### Exercise directions
The answer is the full set of records, given again exactly and without images.

_ _ _ _

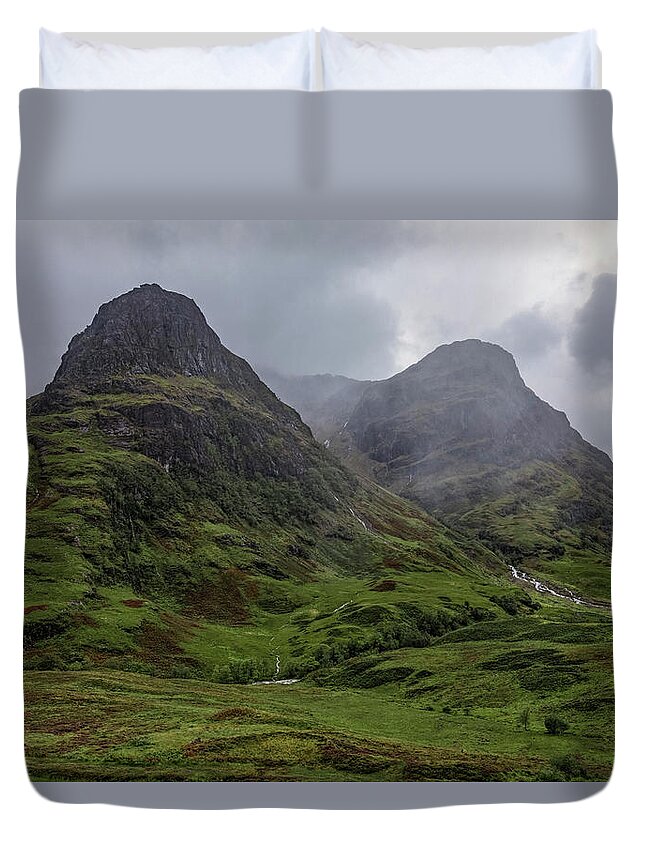 Three Sisters Duvet Cover featuring the photograph Glencoe - Scotland #1 by Joana Kruse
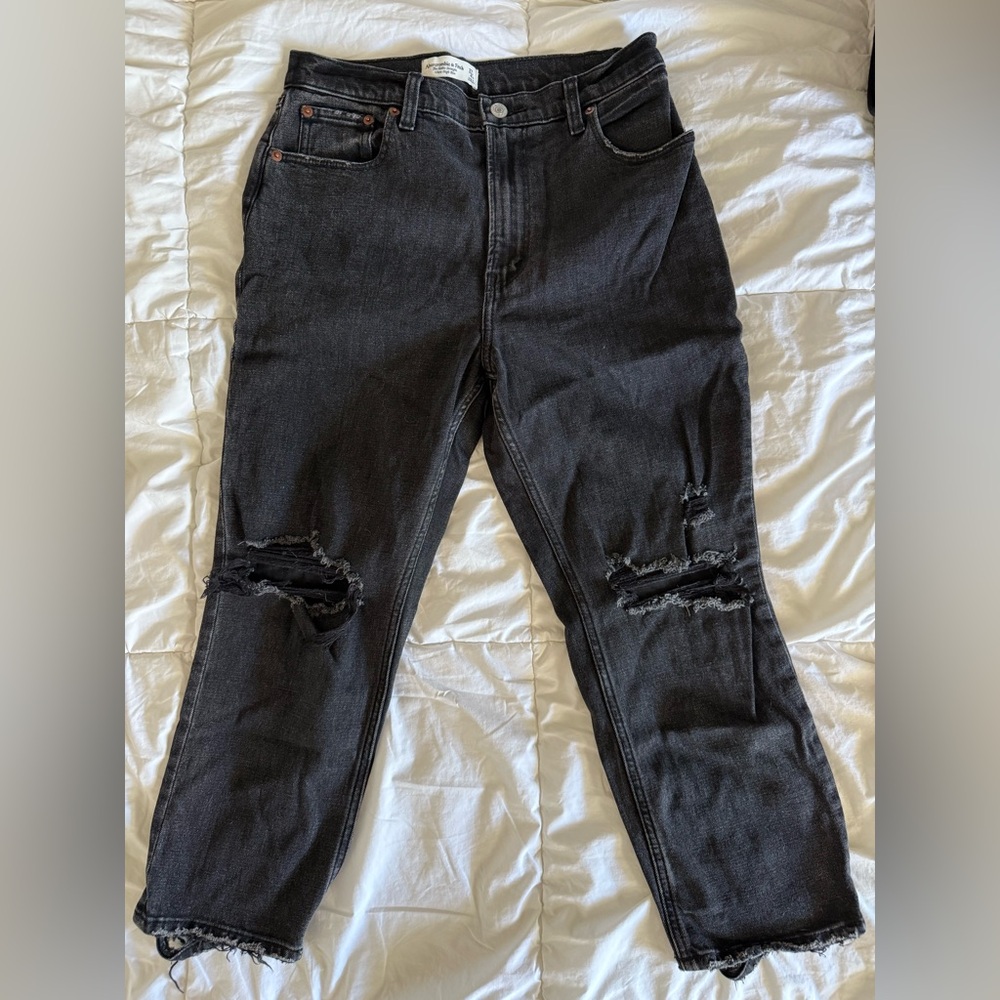 Abercrombie The Ankle Straight Ultra High Rise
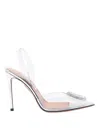 Aquazzura 120mm Crystal-embellished Slingback Pumps In White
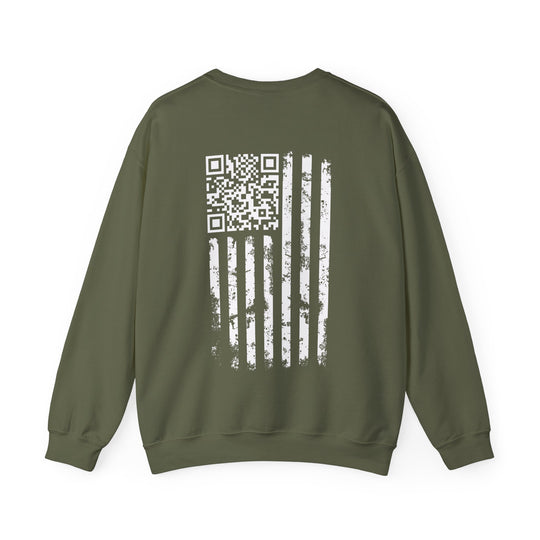 American Flag QR Code Crewneck Sweatshirt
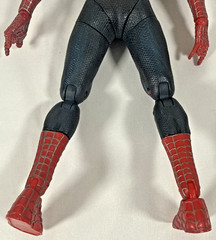 Marvel Spider‑Man 12″ Action Figure 2004 Red Black Fully Jointed Movie Toy VTG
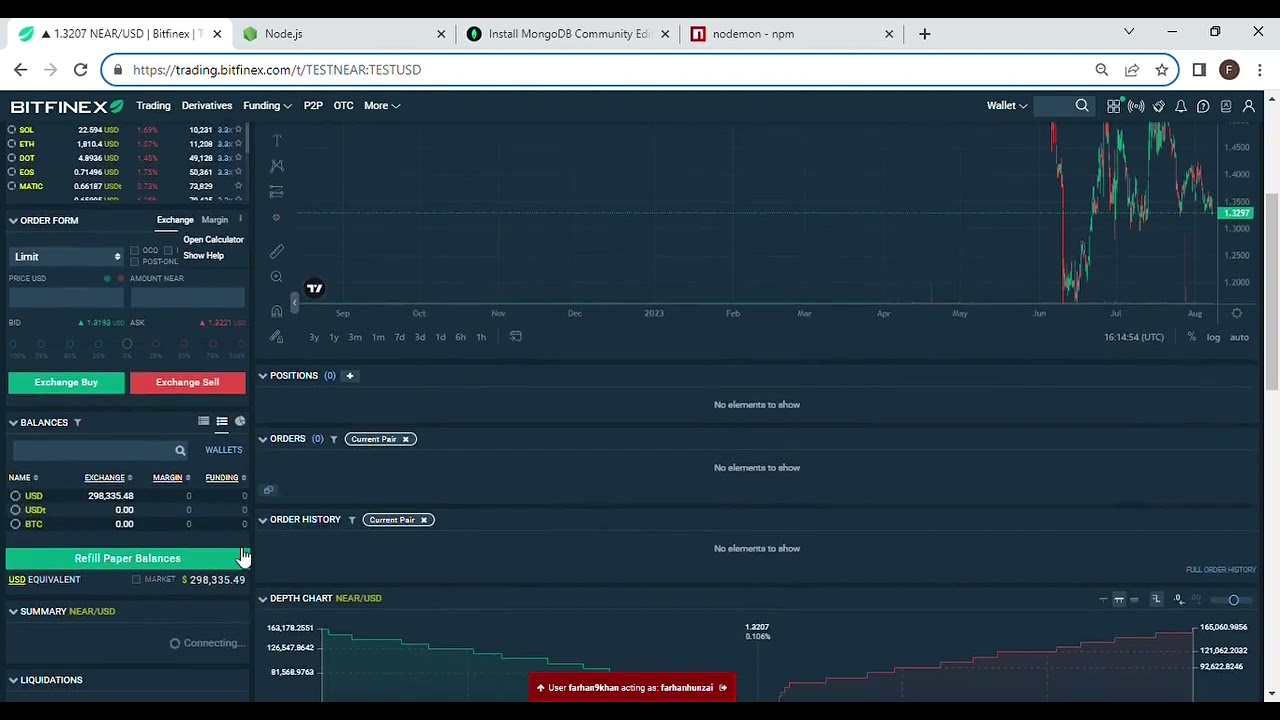 BFH - Web-Frontend for Bitcoin-Trading Bot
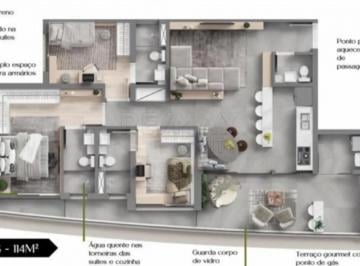 Apartamento · 114m² · 3 Quartos · 2 Vagas · Apartamento a venda no Alpha Gran Alphaville com 114m2- 3 suites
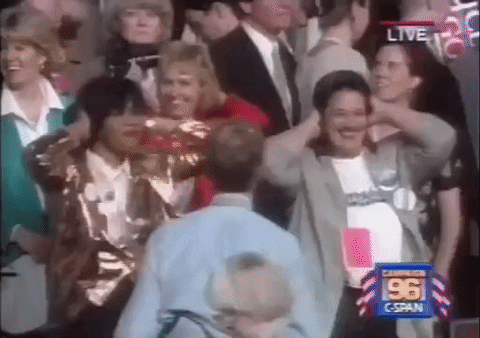 democratic national convention 90s GIF by Election 2016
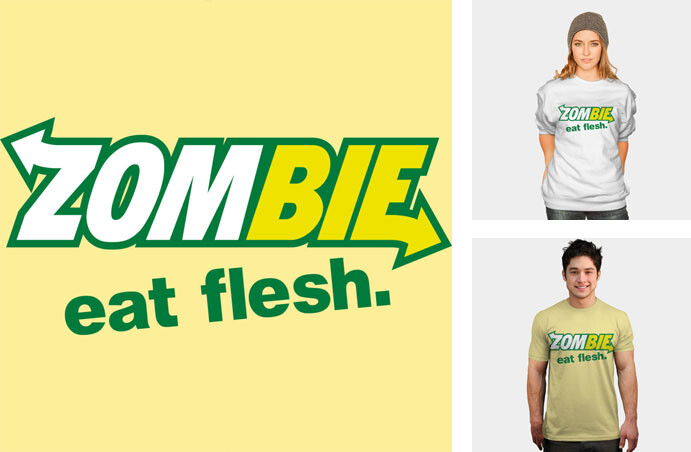 zombie eat flesh subway food parody tshirt tee tank tops sweatshirt phone case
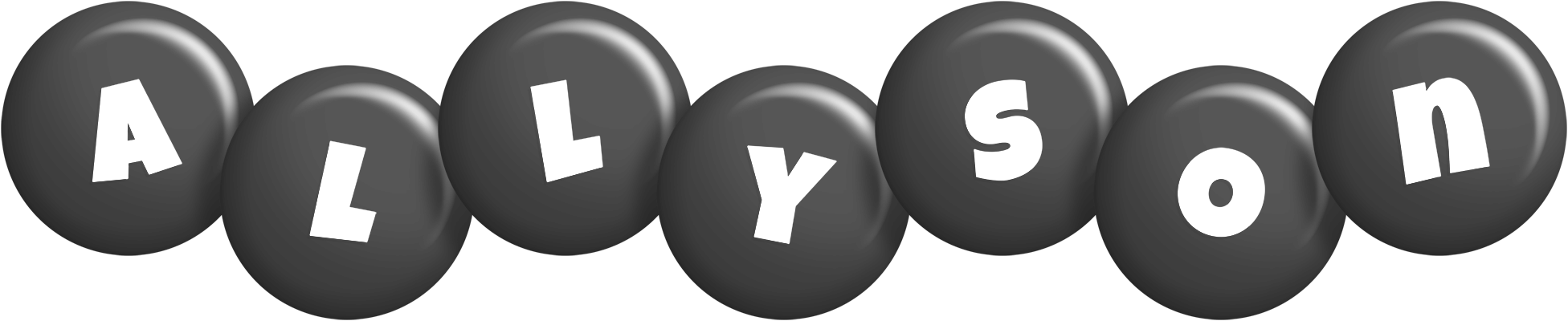 Allyson candy-black logo
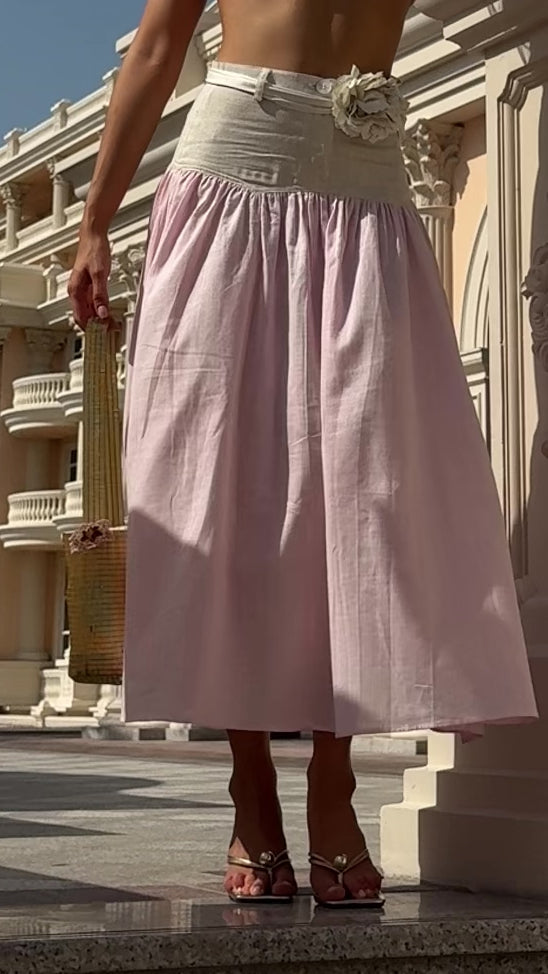 LINEN SKIRT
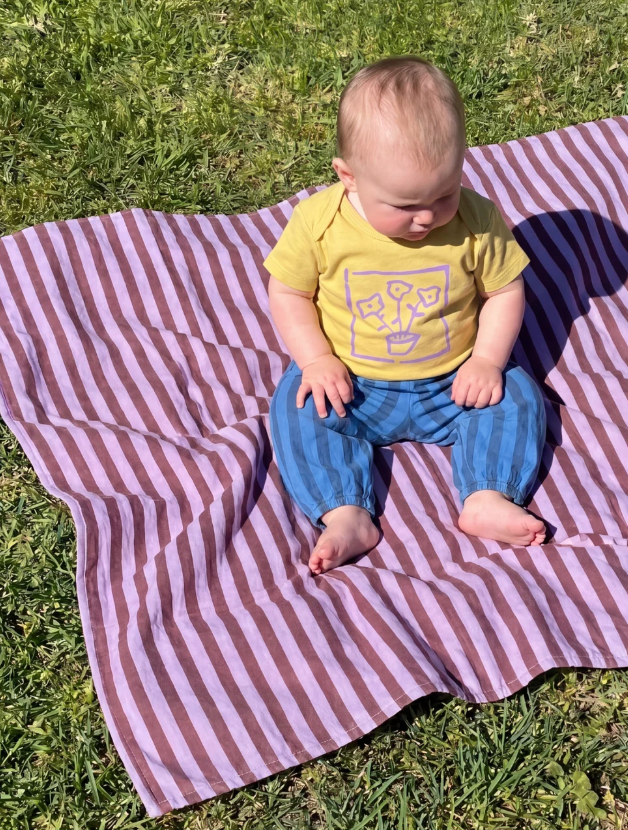 MILK TEETH Organic Muslin Pant - Blue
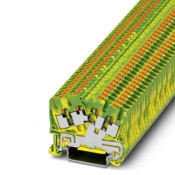 50 Blocs de jonction pour conducteur de protection - PTS 2,5-QUATTRO-PE - Lot de 50 unités 3212011
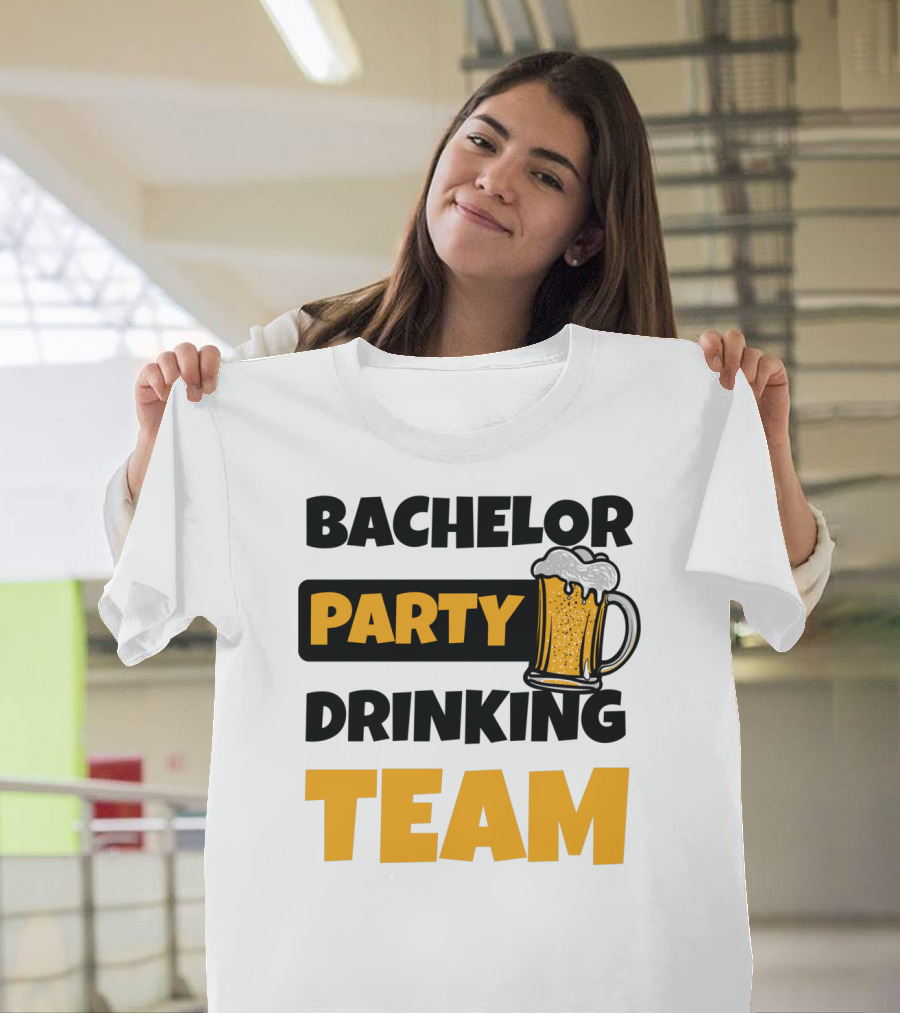 Bachelor Party Drinking Team Beer Mug Fun T-Shirt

_ _ _ _

### Response to the exercise
 Three Sisters Duvet Cover featuring the photograph Glencoe - Scotland #1 by Joana Kruse
 Abercrombie The Ankle Straight Ultra High Rise
 Aquazzura 120mm Crystal-embellished Slingback Pumps In White
 American Flag QR Code Crewneck Sweatshirt
 Marvel Spider‑Man 12″ Action Figure 2004 Red Black Fully Jointed Movie Toy VTG
 BFH - Web-Frontend for Bitcoin-Trading Bot
 Apartamento · 114m² · 3 Quartos · 2 Vagas · Apartamento a venda no Alpha Gran Alphaville com 114m2- 3 suites
 democratic national convention 90s GIF by Election 2016
 zombie eat flesh subway food parody tshirt tee tank tops sweatshirt phone case
 Allyson candy-black logo
 LINEN SKIRT
 MILK TEETH Organic Muslin Pant - Blue
 50 Blocs de jonction pour conducteur de protection - PTS 2,5-QUATTRO-PE - Lot de 50 unités 3212011
 Bachelor Party Drinking Team Beer Mug Fun T-Shirt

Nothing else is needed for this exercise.